Video length is 15:07

Differential Equations and Linear Algebra, 3.3: Linearization at Critical Points

From the series: Differential Equations and Linear Algebra

Gilbert Strang, Massachusetts Institute of Technology (MIT)

A critical point is a constant solution Y to the differential equation y’ = f(y). Near that Y, the sign of df/dy decides stability or instability.

Published: 27 Jan 2016

OK. I'm concentrating now on the key question of stability. Do the solutions approach 0 in the case of linear equations? Do they approach some constant, some steady state in the case of non-linear equations?

So today is the beginning of non-linear. I'll start with one equation. dy dt is some function of y, not a linear function probably. And first question, what is a steady state or critical point? Easy question. I'm looking at special points capital Y, where the right-hand side is 0, special points where the function is 0. And I'll call those critical points or steady states.

What's the point? At a critical point, here is the solution. It's a constant. It's steady. I'm just checking here that the equation is satisfied. The derivative is 0 because it's constant, and f is 0 because it's a critical point. So I have 0 equals 0. The differential equation is perfectly good. So if I start at a critical point, I stay there.

That's not our central question. Our key question is, if I start at other points, do I approach a critical point, or do I go away from it? Is the critical point stable and attractive, or is it unstable and repulsive?

So the way to answer that question is to look at the equation when you're very near the critical point. Very near the critical point, we could make the equation linear. We can linearize the equation, and that's the whole trick. And I've spoken before, and I'll do it again now for one equation. But the real message, the real content comes with two or three equations. That's what we see in nature very often, and we want to know, is the problem stable?

OK. So what does linearize mean? Every function is linear if you look at it through a microscope. Maybe I should say if you blow it up near y equal Y, every function is linear. Here is f of y. Here it's coming through-- it's a graph of f of y, whatever it is. If this we recognize as the point capital Y, right, that's where the function is 0.

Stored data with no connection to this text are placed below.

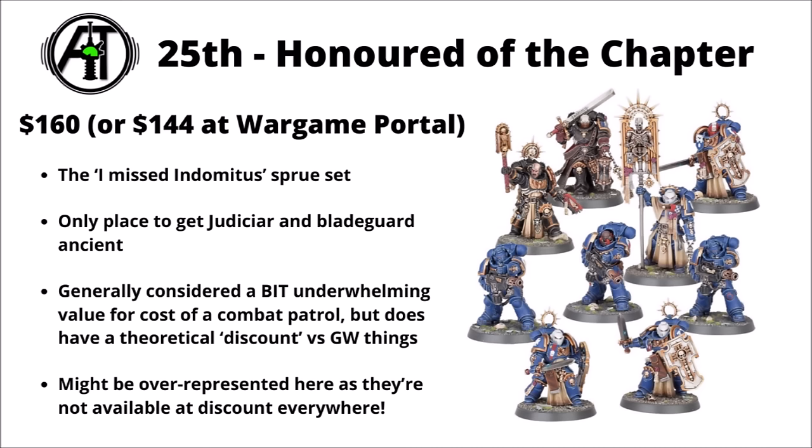Let's jump into the list proper and fairly rapid fire go through the 25 best-selling Warhammer 40k kits over the past couple of months. Ranked at 25, we've got the Honoured of the Chapter — this one surprised me, as it's kind of the 'I missed out on Indomitus' sprue set, with the Judiciar, Bladeguard Ancient and monoposed Bladeguard. It does offer a discount compared to character prices, though it's really not that many miniatures. This might be over-represented as it's usually an online exclusive deal.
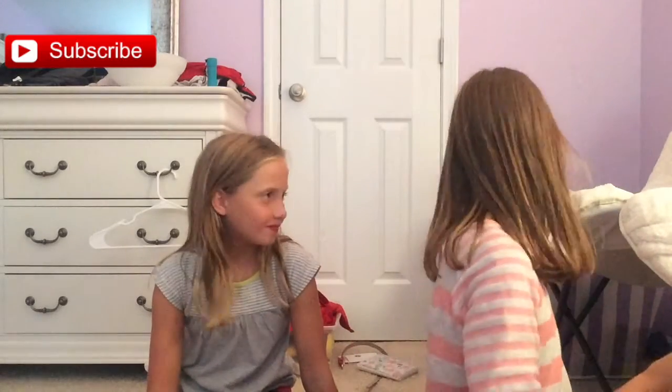Hey guys, welcome back to Life Meets Family! Me and Lemon Squeeze are back again and we're really into challenges today, so we decided to do yet another one. Today I don't really know what the name is.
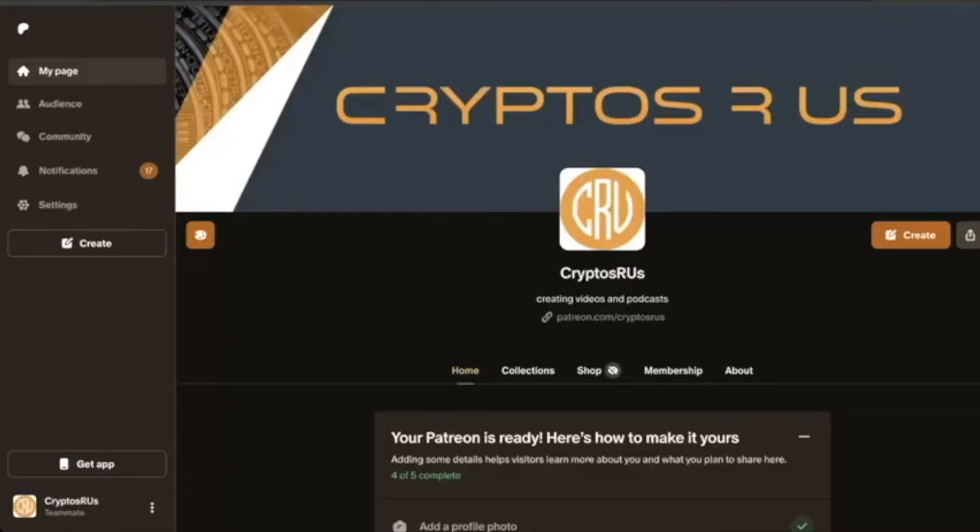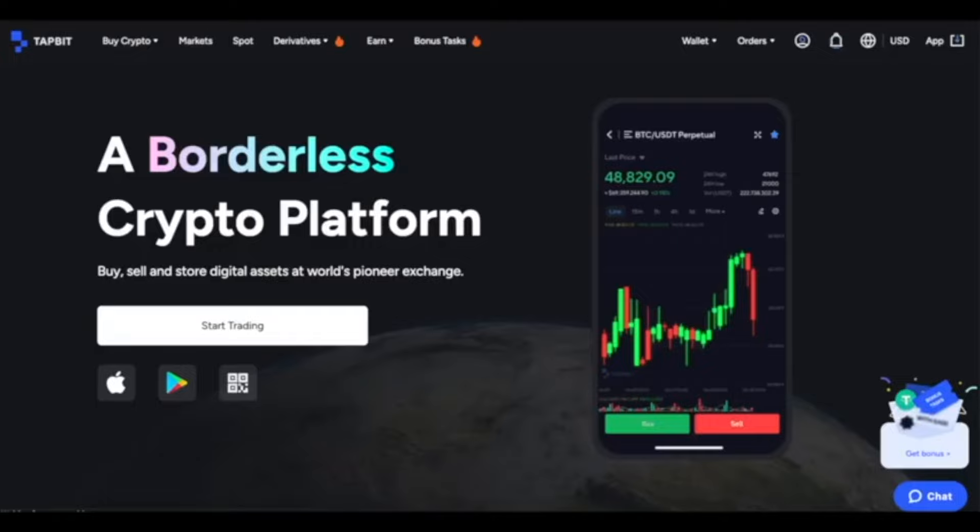If you like the information presented in today's video, please consider signing up for the CryptoZRS Patreon for more in-depth analysis. Additionally, if you are interested in trading, you can do so on Tapbit by visiting the link in the description below. I hope everybody has a great weekend, and I will see you back here next week for more charts and analysis. Thanks for watching, everybody.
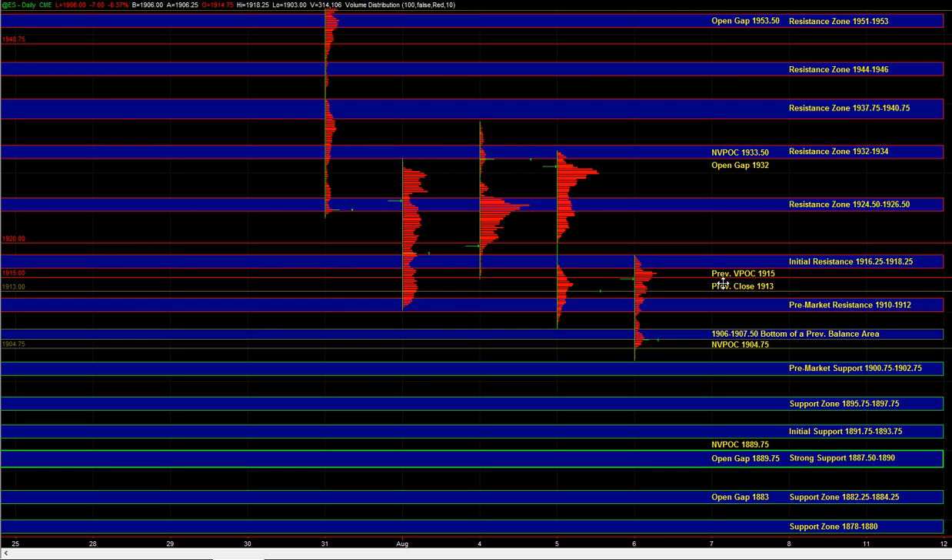Those are the thoughts heading into the open. Let's see how well the sellers are able to maintain short-term control, and let's see if responsive buyers are able to step in at some of these better support spots and turn this downside around.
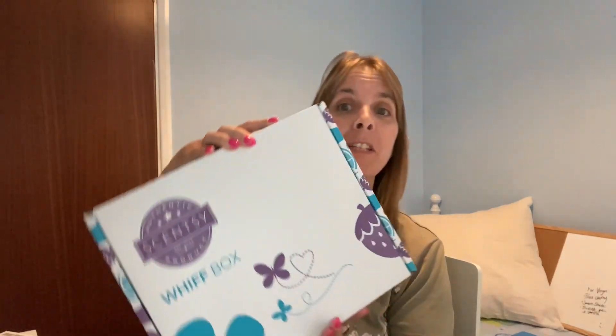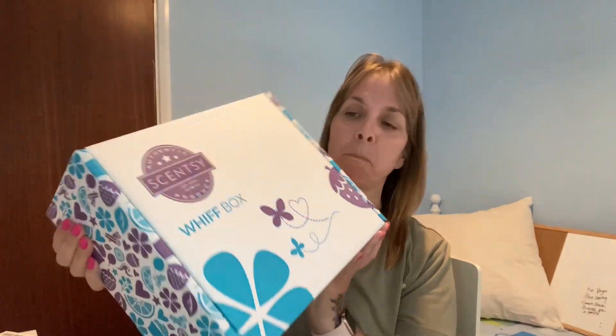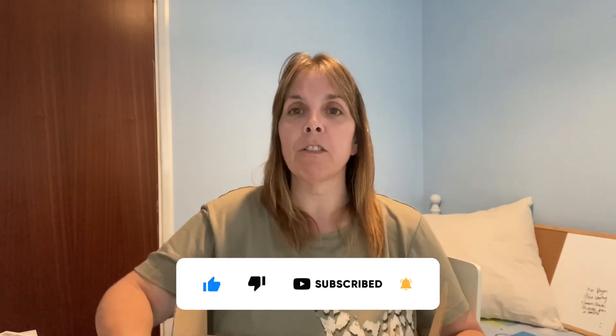Hello, I'm Katherine of Katherine's Perfect Scents. I've got the September Whiff Box which has come through pretty quick this month. You can see this is a huge one — it doesn't feel overly heavy but it seems to be bigger than the normal box, so hopefully it's filled with lots and lots of things. I have yet to open it, so I'm going to do the unboxing review.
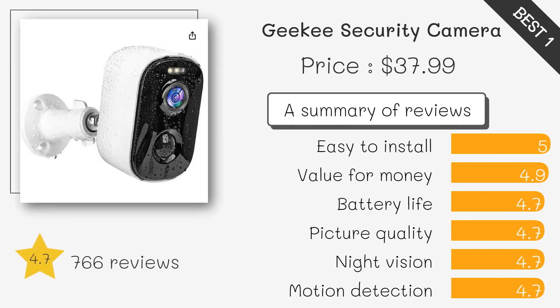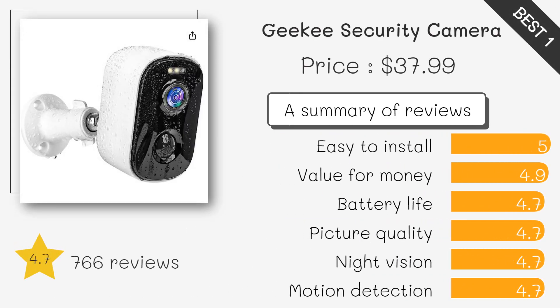The Jiki offers exceptional video quality, wireless convenience, and easy installation. It's perfect for monitoring your home and property with features like a high resolution and integrated spotlight.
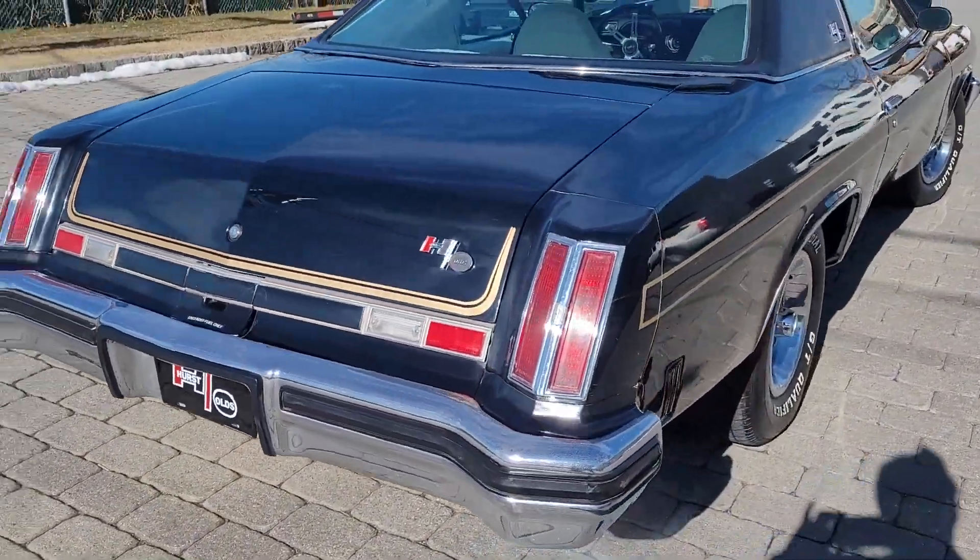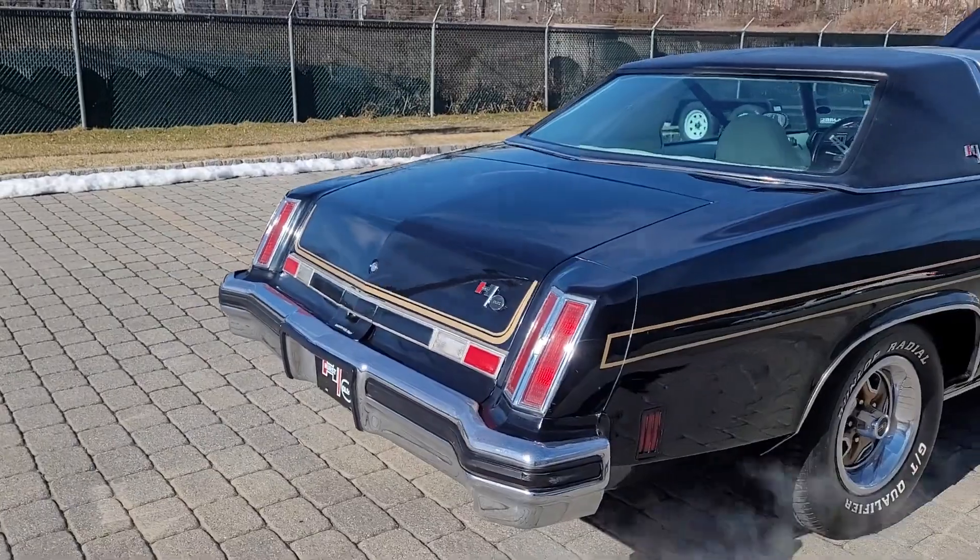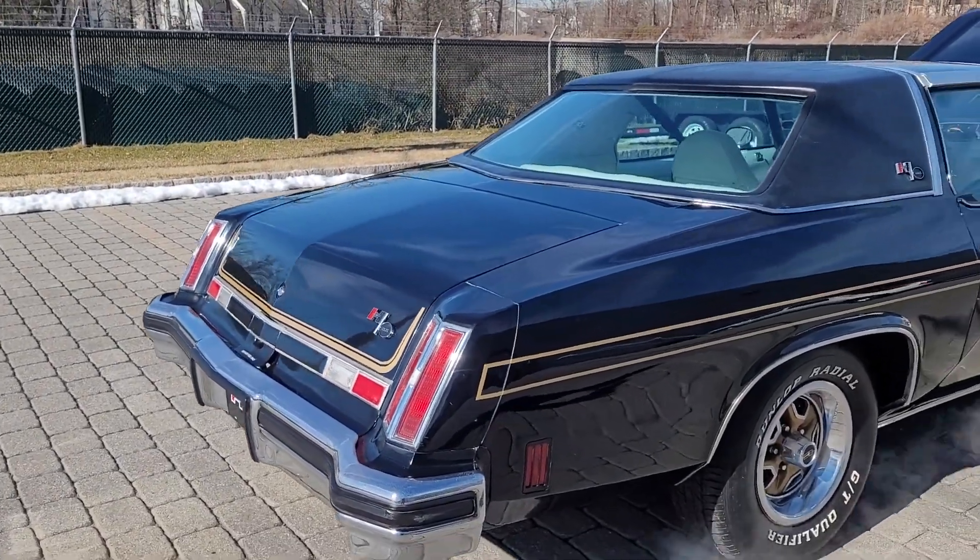Bumpers are in fair shape. There's no pitting, no rust or anything like that. Just a little pitting on top, but very presentable.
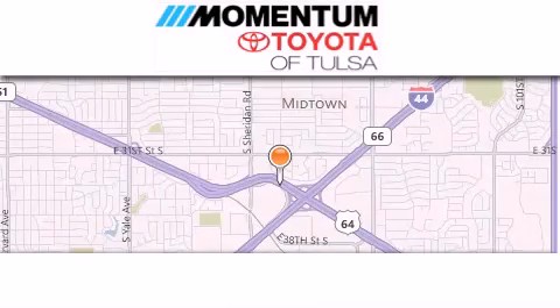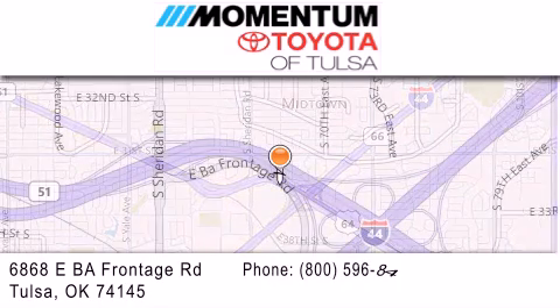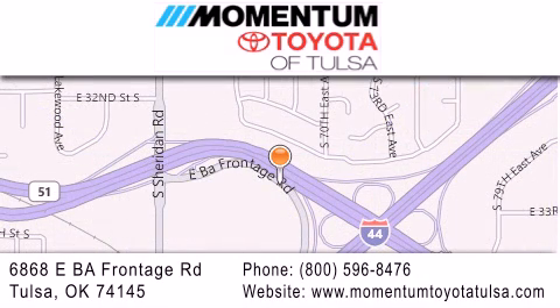Momentum Toyota of Tulsa is located at 6868 East BA Frontage Road in Tulsa. Our main objective is to make your experience at our dealership a satisfying one, whether it's for sales, service, or parts.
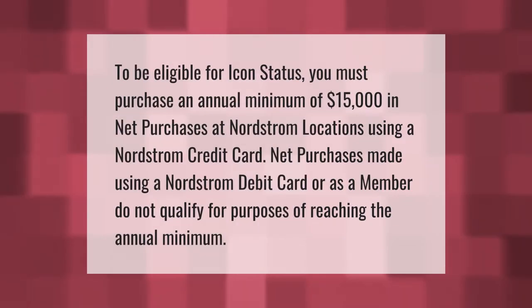To be eligible for Icon status, you must purchase an annual minimum of $15,000 in net purchases at Nordstrom locations using a Nordstrom credit card. Net purchases made using a Nordstrom debit card or as a member do not qualify for purposes of reaching the annual minimum.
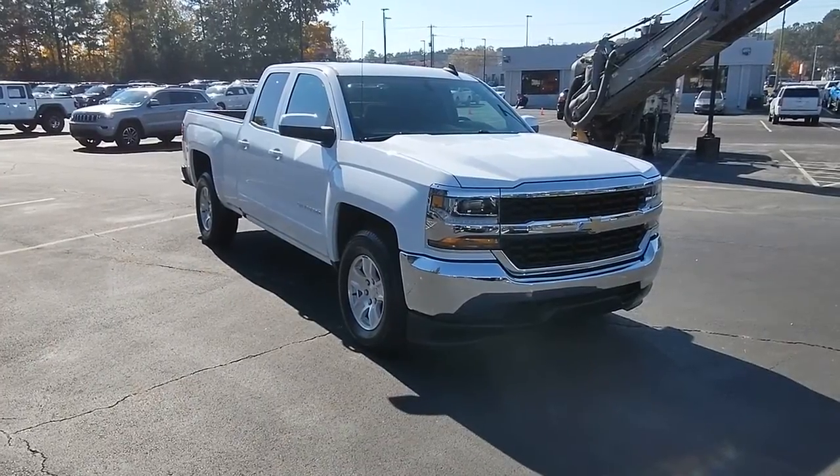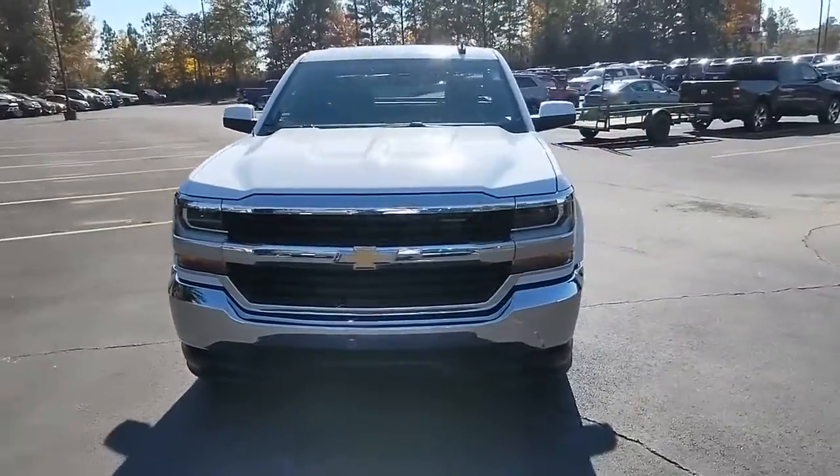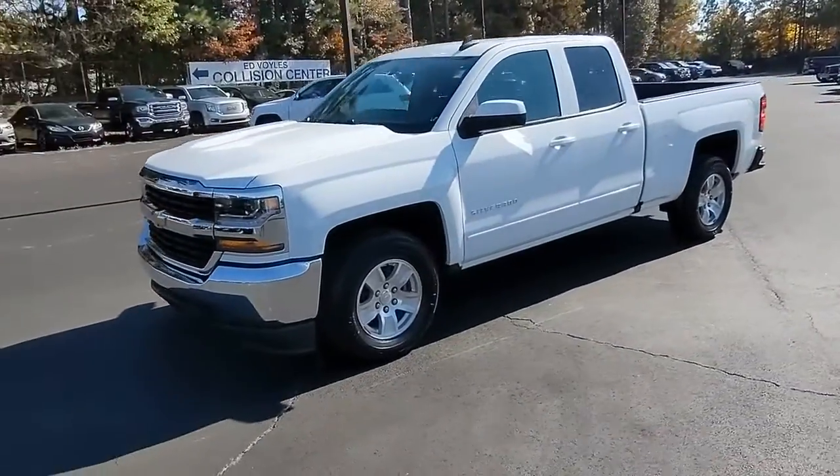Here is a wonderful 2019 Chevrolet Silverado LD. With less than 90,000 miles on the odometer, this vehicle stands out from the rest.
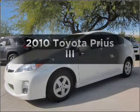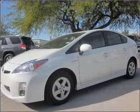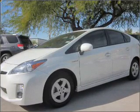Get noticed in this 2010 Toyota Prius. This is the set of wheels you've been looking for, with an efficient four-cylinder engine connected to a smooth-shifting automatic transmission.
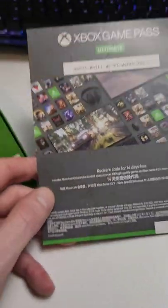I'm trying to work out if I got unlucky here, or whether it's just the way it is nowadays. In the past, when you bought accessories, you usually get one of these Game Pass Ultimate 14-day trial vouchers.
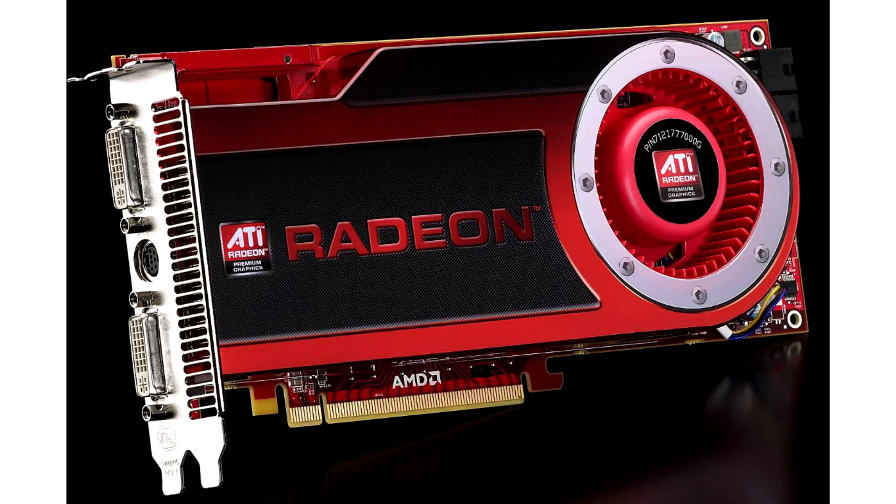The ATI Radeon HD 4870 and HD 4850 graphics cards are celebrating their 15th anniversary. In 2008, AMD released one of its most successful graphics processors.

And near that point, my function is almost a straight line. And the slope of that tangent is the coefficient, and everything depends on that. Everything depends on whether the slope is going up like that-- probably that's going to be unstable-- or coming down. If it were coming down, then the slope would be negative at the critical point, and probably that will be stable. OK.

So I just have to do a little calculus. The whole idea of linearizing is the central idea of calculus. That we have curves, but near a point, we can pretend-- they are essentially straight if we focus in, if we zoom in. So this is a zooming-in problem, linearization. OK. So if I zoom in the function at some y. I'm zooming in around the point capital Y. But you remember the tangent line stuff is the function at Y. So little y is some point close by. Capital Y is the crossing point.

And this is the y minus Y times the slope-- that's the slope-- the slope at the critical point there is all that's-- you see that the right-hand side is linear. And actually, f of Y is 0. That's the point. So that I have just a linear approximation with that slope and a simple function. OK.

So I'll use this approximation. I'll put that into the equation, and then I'll have a linear equation, which I can easily solve. Can I do that? So my plan is, take my differential equation, look, focus near the steady state, near the critical point capital Y. Near that point, this is my good approximation to f, and I'll just use it. So I plan to use that right away.

So now here's the linearized. So d by dt of y equals f of y. But I'm going to do approximately equals this y minus capital Y times the slope. So the slope is my coefficient little a in my first-order linear equation. So I'm going back to chapter 1 for this linearization for one equation. But then the next video is the real thing by allowing two equations or even three equations. So we'll make a small start on that, but it's really the next video.

OK. So that's the equation. Now, notice that I could put dy dt as-- the derivative of that constant is 0, so I could safely put it there. So what does this tell me? Let me call that number a. So I can solve that equation, and the solution will be y minus capital Y. It's just linear. The derivative is the thing itself times a.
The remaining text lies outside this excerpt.